İran’daki Minyatür ‘Boyalı Devrim’

        İran Bizi Ne Kadar İlgilendirir

 

İran  bizi çok yakından ilgilendirir. İran Orta-Doğu daki komşularımızda var olan pamuk ipliğine bağlı dengenin adı. İran, Tahran’dan başlayıp Irak ve Suriye toprakları boyunca Akdenize kadar uzanan Şii Nüfuz bölgesinin başlangıç ve güç merkezi. İran’da bir rejim değişikliğinin yaratacağı vakum boşluğu kuşkuya yer yok ki Orta-doğu’da yeni bir boğazlaşma ve kaosun başlama vuruşu olacak. Bu İsrail’in rüyası. Yeni bir ivme kazanacak olan Suudi yayılmasının ve ABD nin eski altın yıllarının geri dönüşü.

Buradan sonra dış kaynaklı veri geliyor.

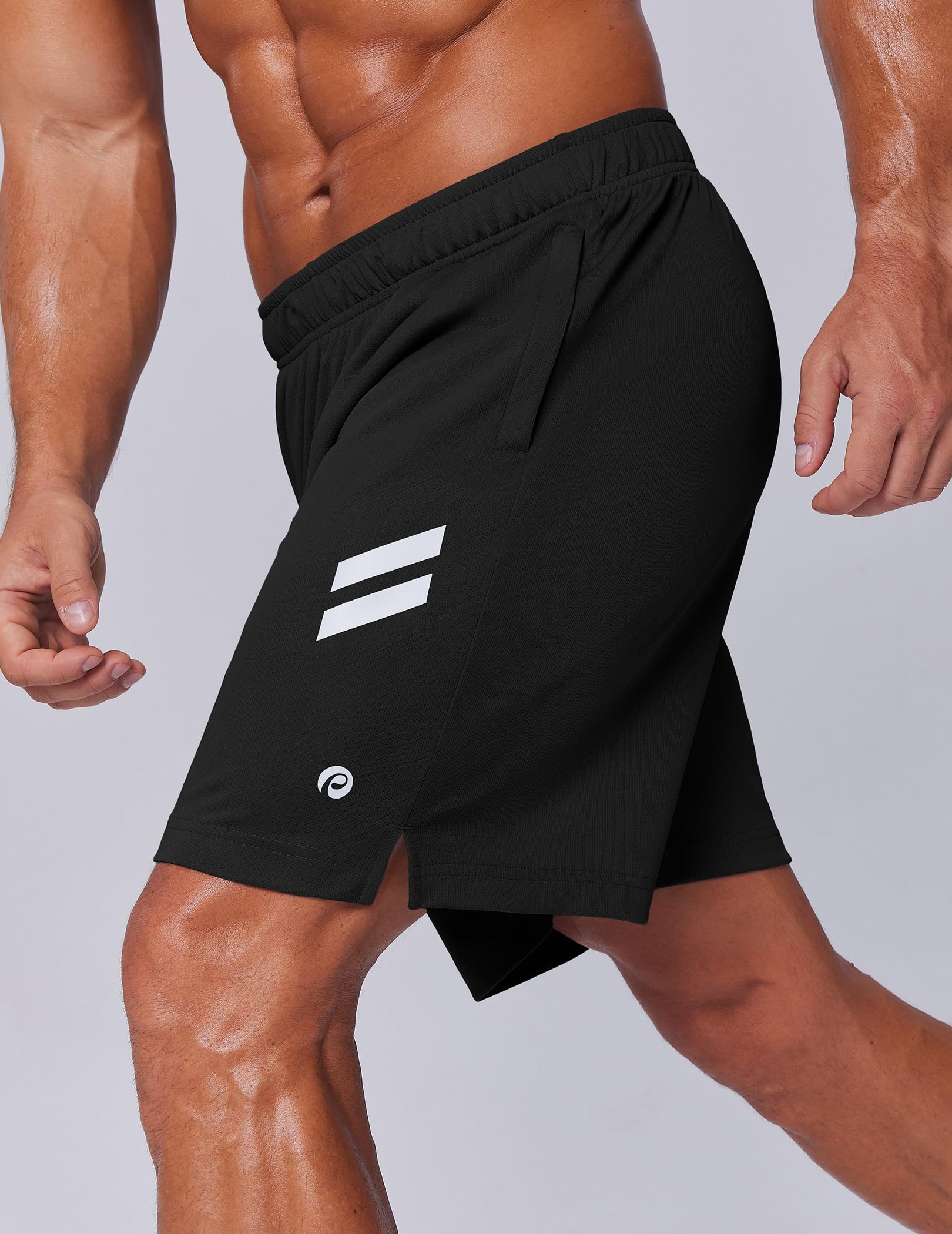 PINSPARK Men's Athletic Running Shorts Quick Dry Lightweight Gym Shorts 7 Inch Workout Shorts with Zipper Pockets thumbnail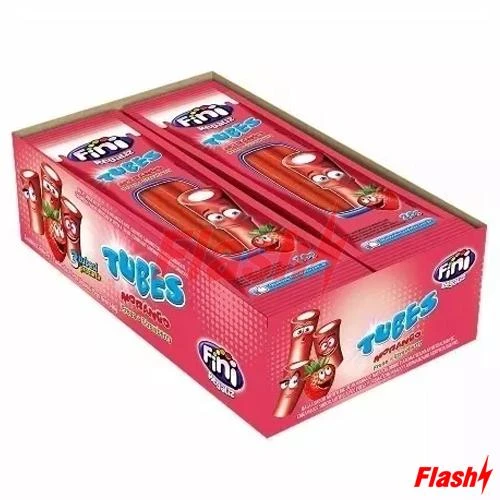 Bala de Gelatina Fini Canudinho Morango 12X15G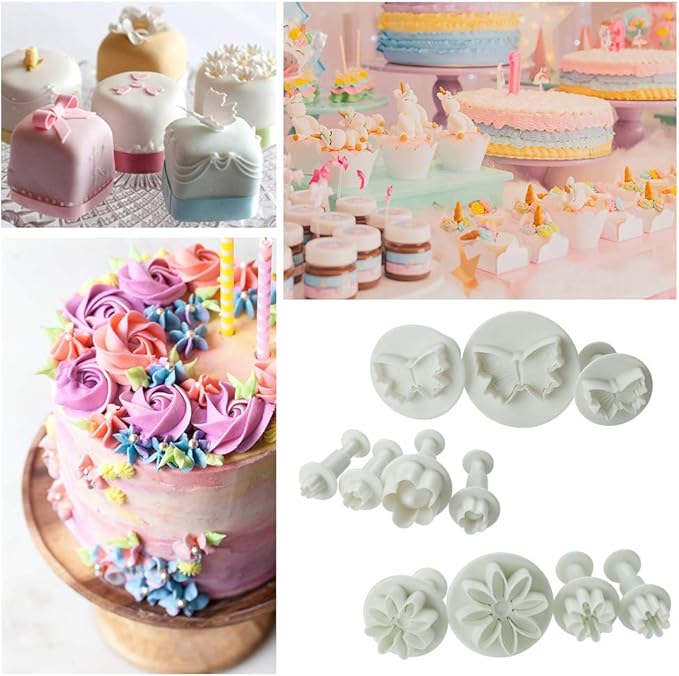 Soleebee 114 Pcs Cake Decorating Tools Fondant Cake Baking Decorating Sugar Craft Icing Tools Plunger Cutters Snowflake Rose Flower Moulds Set Letter Cookie Cutters Rolling Pin Equipment Accessories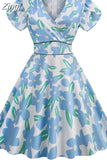 60s 50s Big Swing Summer Dress Women Causal Robe Midi Pin-Up Tunic Sundress Short Sleeve V Neck Party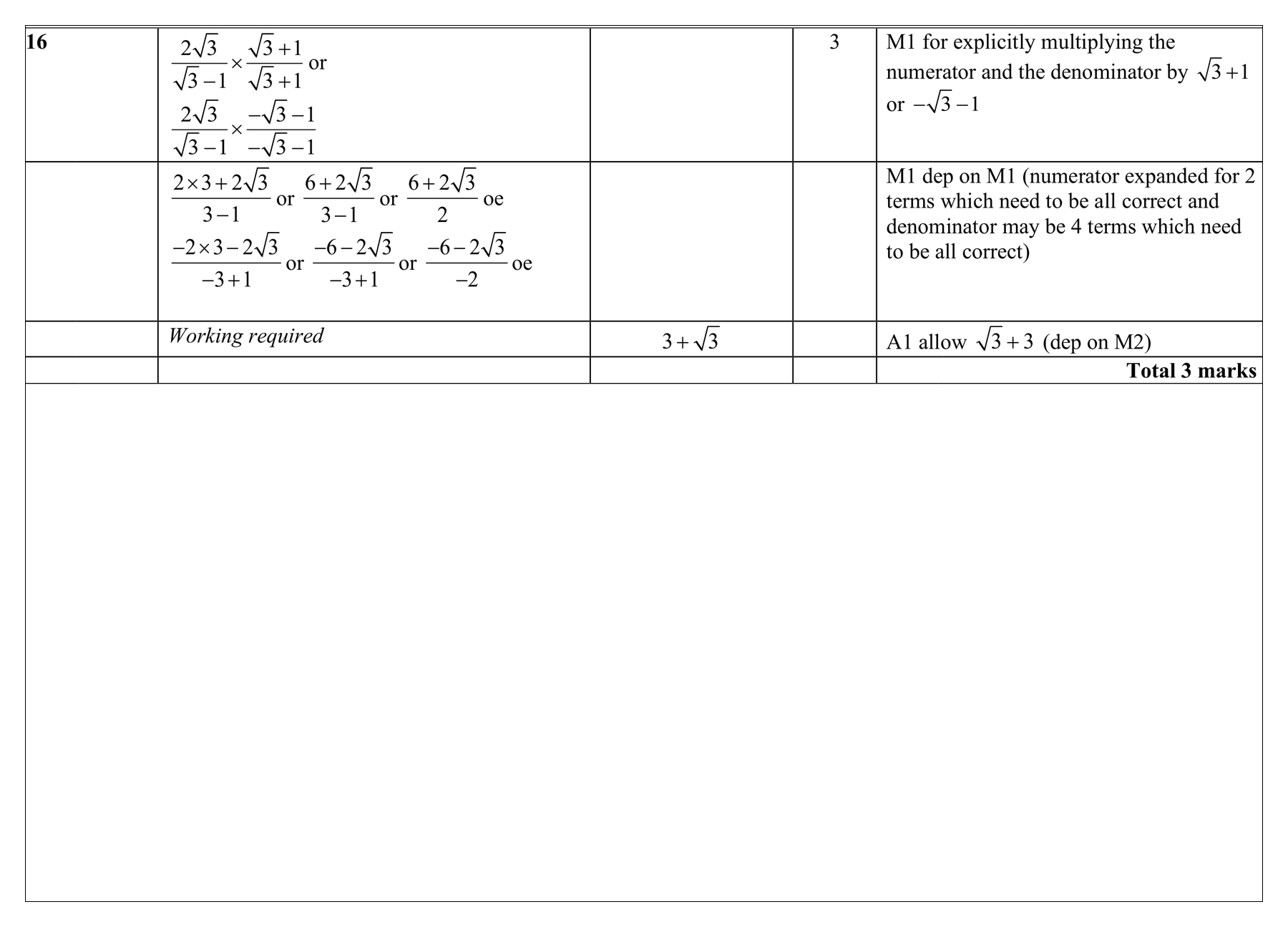 Mark scheme for Q16 (part 1 of 2)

Ne var ki İran’da üç gündür süren karışıklıkların olağan şüphelisi Halkın Mücahitleri (MEK) ve adı son günlerde yeniden gündeme getirilen (Bozkurt armalı) GAİP (Güney Azerbeycan İstiklal Partisi) gibi provokasyon örgütlerinin  kıvırabileceği türden bir iş değil İran’da rejim değişikliği.  Rajavi’nin örgütünün Batı medyasına servis ettiği fotoğraf ve videolar, 300-500 kişilik gurupların korsan eylemlerinin görüntüleri. Bu bir ‘boyalı devrim’ değil. ABD-İsrail-Suudi Arabistan yakınlaşması ve özellikle Natenyahu’nun savaş naralarından sonra ‘durumdan vazife çıkaran’ Halkın Mücahitleri’nin sayısız girişimlerinden biri.

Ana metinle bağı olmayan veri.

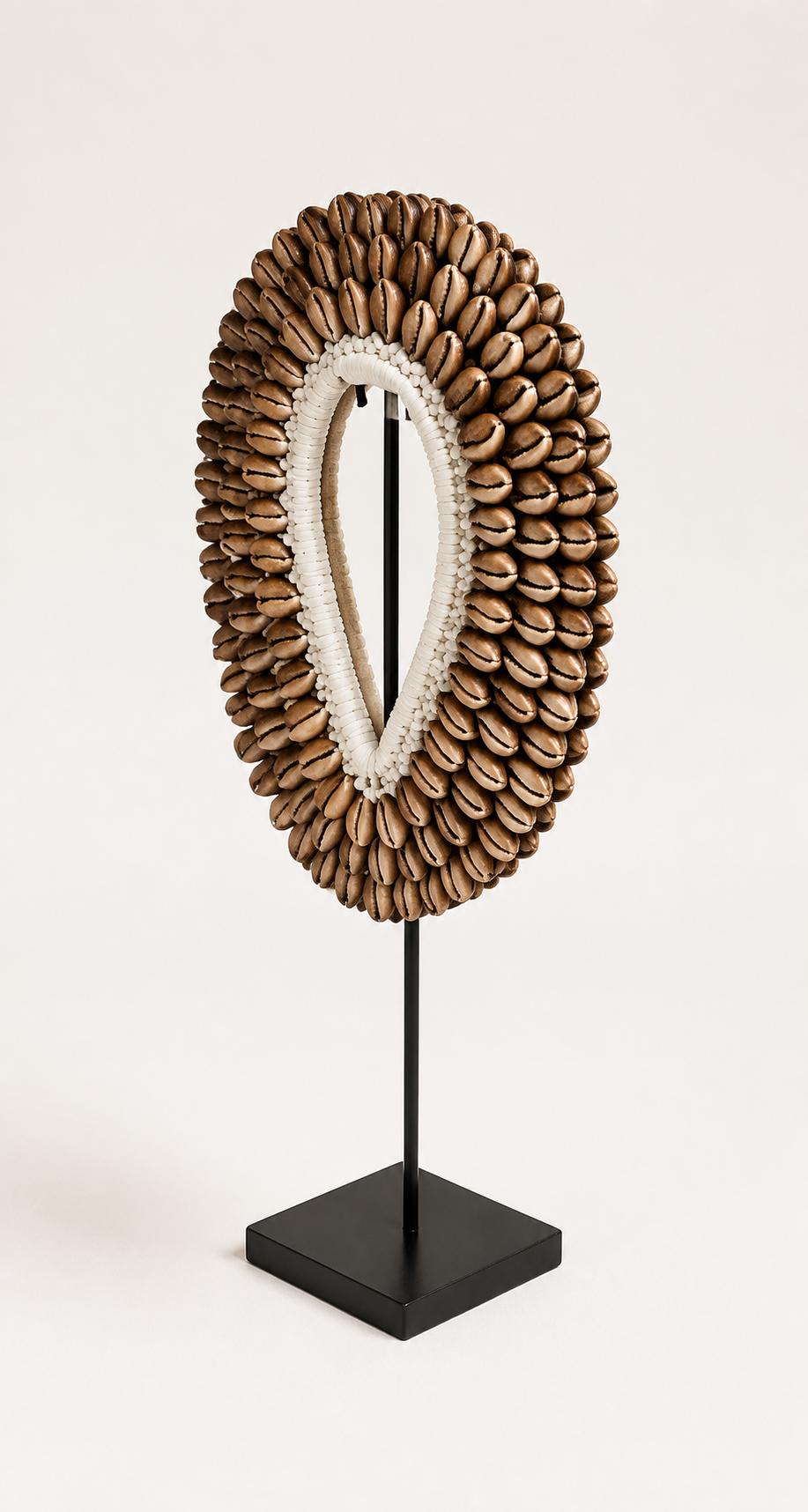 Natural Cowrie Shell Ring Necklace on Metal Stand, alternate catalog view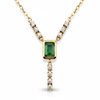 Złoty naszyjnik krawatka ze Szmaragdem 0.48 ct kamieniem miłości i młodości długość 42-45 cm i cyrkoniami próba 585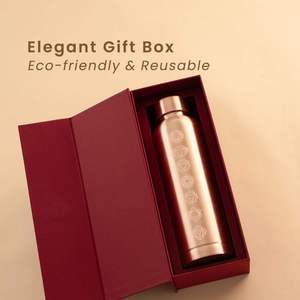 Bouteille d'eau en cuivre pur 1 litre, design luxueux réutilisable avec symboles Chakra, boîte cadeau incluse - Product Image 2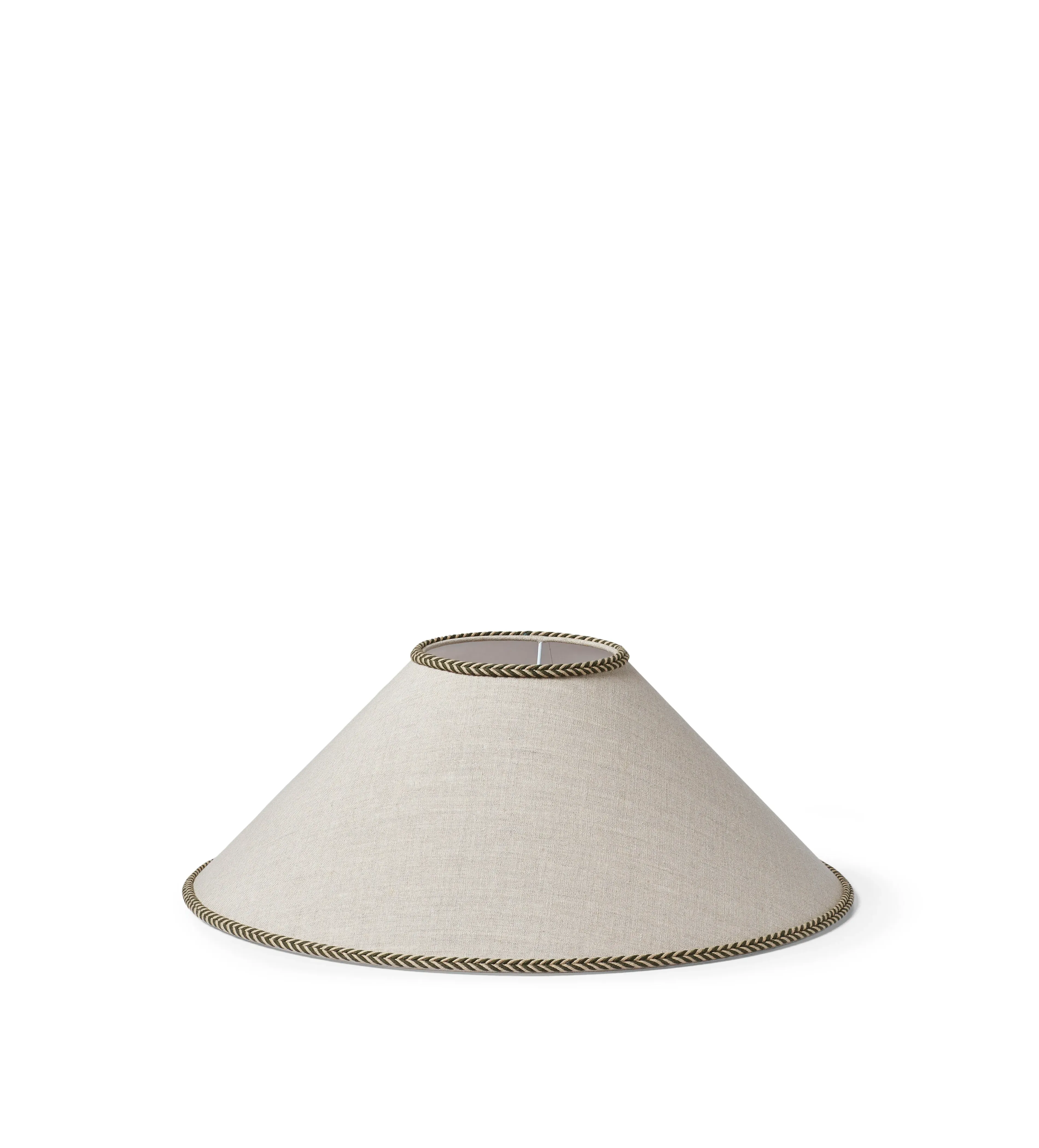 Coolie Lampshade with Embroidered Trim - Green, Linen image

ABD-İsrail ve Suudi Arabistan’ın, İran gibi bir ülkede ‘boyalı devrim’ gerçekleştirmek için yeterli gücü yok. Ülkede ve komşusu Irak’ta en örgütlü,silahlı ve devlet destekli güçler Şii iran rejimi için doğal müttefikler. Bölgede ‘İran’ı rejim değişikliğine zorlayacak çapta bir askeri güç toplanması imkansız. Bir kaç gün içinde İran’da durumun normale dönmesi beklenmeli. Muhtemelen küçük çaplı gösterilere Polis ve Askeri Görevlilerin nasıl müdahale edeceği konusundaki muğlaklıktan dolayı uzunca bir süreyi  kapsayan gösteriler, İran rejiminin Cuma günü yapmayı planladığı  büyük çaplı karşı gösteri sonunda bitecektir.

Bizde Merkez Medya’nın pazarlamaya çalıştığı ; ‘İran rejim liderleri ‘Alllah Sonumuzu hayır etsin dediler’ haberleri ile yaratılan atmosfer, Uluslarararası planda  BAE,Suudi medyası dışında bir gündem oluşturamadı.

İran’da örgütlü ‘yabancı istihbarat örgütleri’, MEK, GAİP, AHFAZ Kurtuluş Ordusu gibi ‘doğal istihbarat kaynakları’ dışında CİA-MOSSAD VE MI6 den oluşuyor. İran ile ilgili istihbarat akışında  Irak işgali sırasında Güney bölgelerinde işgal gücü olarak bulunan İngiltere’nin MI 6 inin önemli rolü var. İran’ın Güney Bölgelerinde yaygın olan Arap nüfus üzerinde oynayan ve onlara birde ‘Kurtuluş’ örgütü kuran İngiltere’nin Irak Şiileri üzerinde de Ayetullah Sistani üzerinden bağlantısı var. İran’da rejim değişikliği hayallerine ve kuru sıkı Boyalı Devrim masallarına pek itibar göstermeyen İngiltere, İran meselesinin uzun vadeli bir savaşım işi olduğunu iyi biliyor. İngiltere’de günün önemli tartışmalarından biri, iki ay önce Kraliçe tarafından denize indirilen Queen Elizabeth Uçak gemisi ve onun kardeş gemisi Prens Of Wales. Şu anda denizlerdeki en büyük uçak gemileri olduğu bildirilen bu savaş gemileri 6.5 milyar sterlinlik yeni harcamalarla donatılarak İran Körfezine gönderilecek.

Kısacası, İran işi daha yeni başlıyor. İran’da  bir ‘rejim değişikliği’ beklentileri yok büyük istihbarat örgütlerinin.  Bu sokak gösterilerinin amacı BM güvenlik Konseyine sevkedilebilecek bir ‘yeni ambargolar paketi’ ile sınırlı.